I'm a software developer. I mainly work web and android. That,ofcourse, I can't do it on a smartphone and my Linux distro probably does it better than Windows. Installing and configuring CLIs and other development tools are much easier on Linux. I usually just install a linux distro as dual boot to my peers rather than figuring out how to get those stuff configured right on windows. There are ofcourse things like ASP.NET that are difficult to develop on linux because Visual Studio isn't available but fortunately, I'm able to choose my stack and avoid such cases most of the time.
The windows-dependent workflows doesn't mean that doing those things with Linux is impossible. An inspiring story was published here recently: https://news.ycombinator.com/item?id=21504721
Where they switched from Windows/Pagemaker/Photoshop to Linux/Scribus/GIMP for the complete process of designing and publishing a commercial newspaper.

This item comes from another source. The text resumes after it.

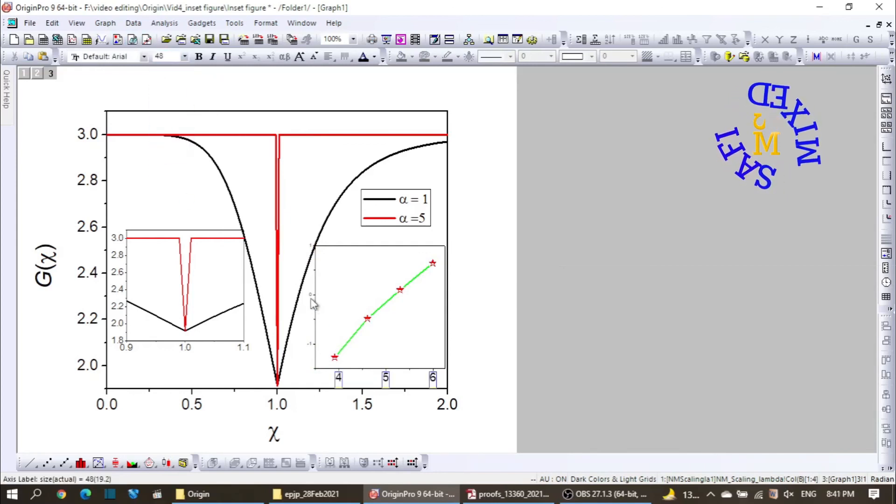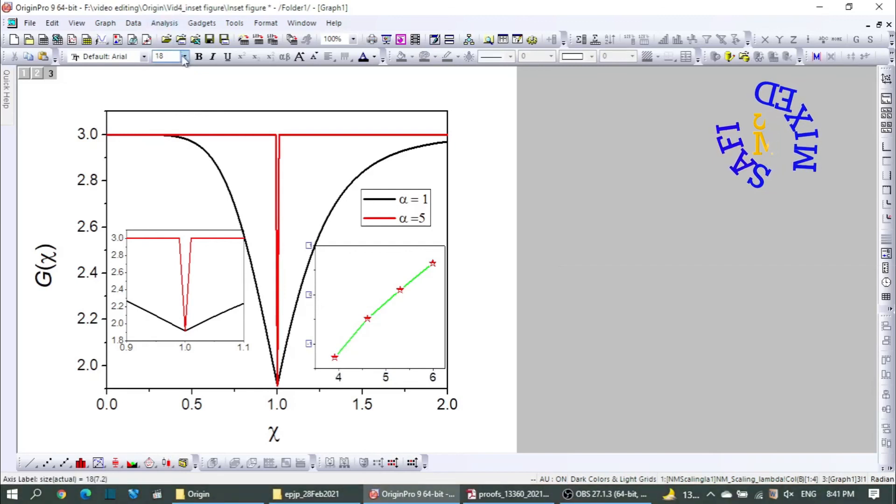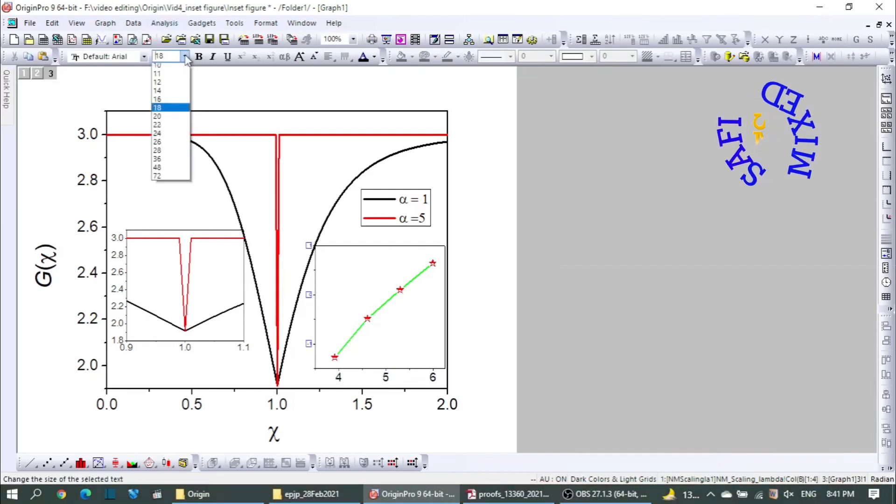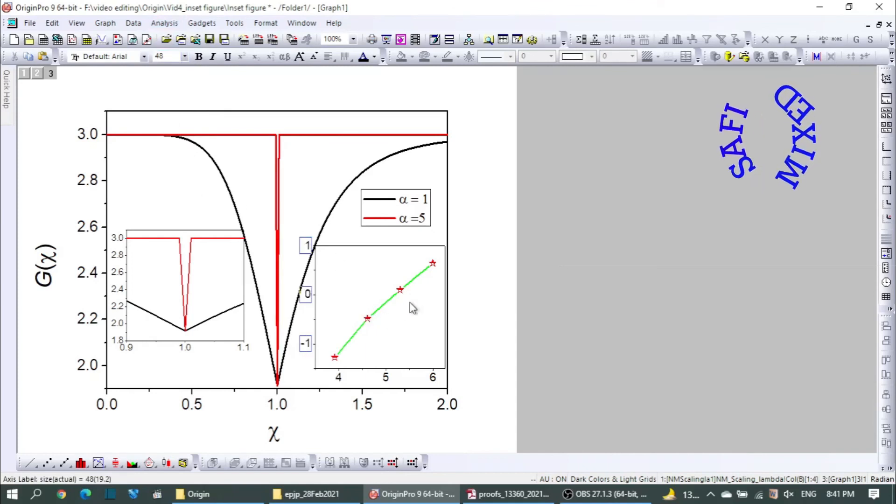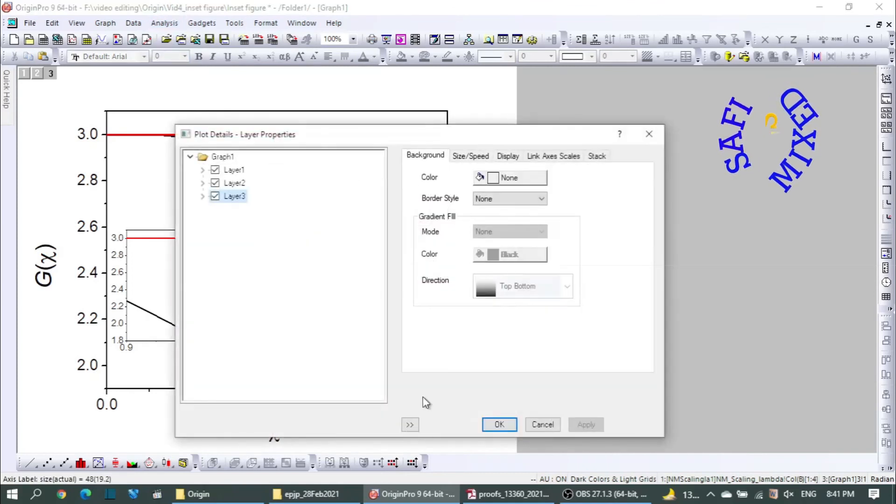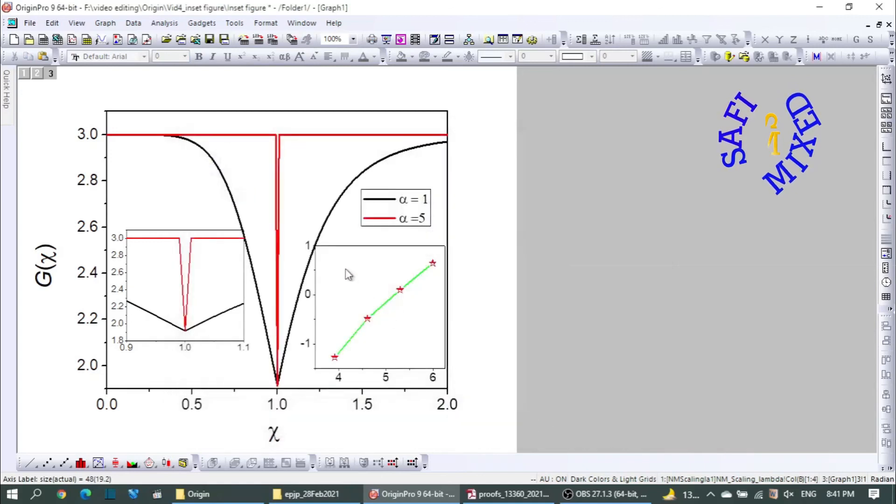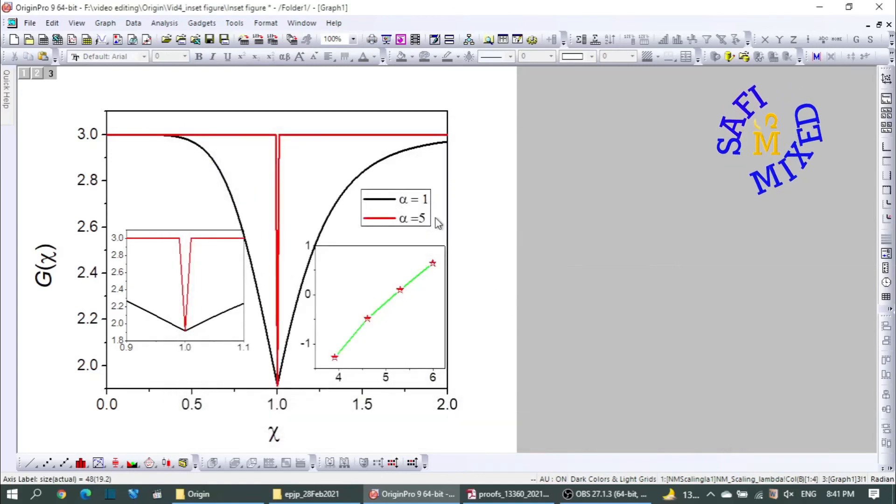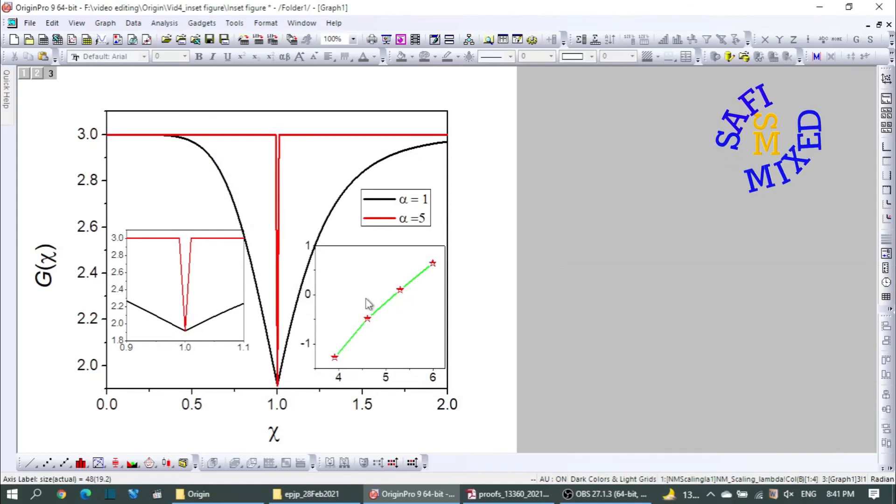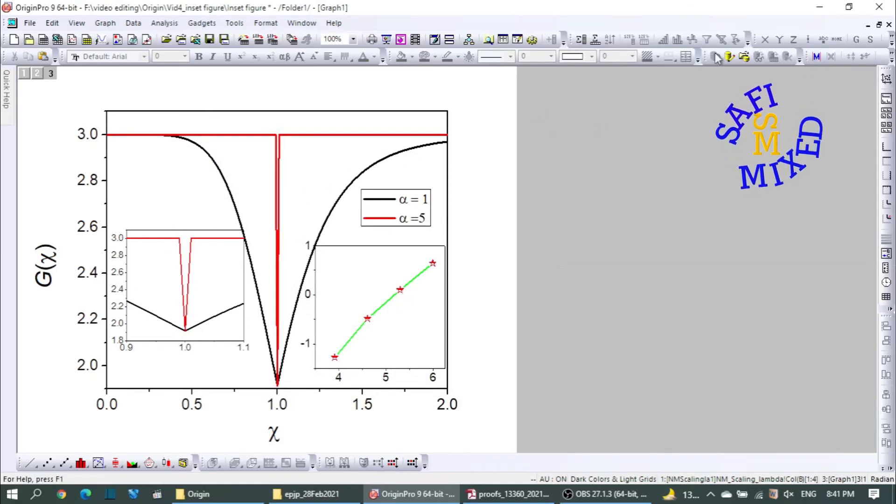Now I can play the same way like before. I select this and change this from 18 to 48. Similarly along vertical I can change the size of the numbers coming over here. And if I want to... now I think I don't need to change the size of the symbols anymore in the color because they are very visible. So this way you can add inset figures to a main figure.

For video editing, there is kdenlive, openshot and blender.
GNU/Linux is definitely more than just a "web browser" OS and capable of doing most of the things that an average user does on windows.
I, too, develop for Android and, like you say, we have the "luxury" of being able to do it on both Windows and Linux (and macOS as well, if I wanted). Even .NET development is more cross-platform than ever, with .NET Core.
One of my points was precisely that developers were an exception in this regard, as our tooling is generally cross-platform. You can't say the same about people who do their work primarily using Adobe tools, for example.
And even developers sometimes don't have this luxury: for example, if you do iOS development, to publish on the app store, at some point you must use a Mac to sign the app. Of course you can use stuff like Xamarin and use the Mac exclusively to sign, but this is often inconvenient compared to just using the officially endorsed stack.
Overall, requiring a "traditional desktop operating system" to work is less and less the case for the general population.
I agree with you on the clipboard thing, but as with every other API that gives access to sensitive information, they could have put it behind a permission prompt. It wouldn't make the situation worse than it is now, and wouldn't annoy users and developers nearly as much.
What you are suggesting seems so obvious that I'm assuming they couldn't do this. Android Permissions on older targets essentially "grandfathers" in apps since older versions didn't need to write code to ask for each permissions at runtime (they asked for the entire set of permissions at install time). I imagine there was no way Google could effectively permit apps targeting older versions to run safely inside the new OS. So, they just took the hard path for developers and are forcing those that really need the permission to update their apps. I'd be unhappy too, but I wouldn't be entirely surprised, and I'd only be furious if I was doing something bad and couldn't anymore. There is going to be the new permission READ_CLIPBOARD_IN_BACKGROUND which will give me whatever I need, and let users know I'm using it, so if I'm willing to write the code, I have everything I need.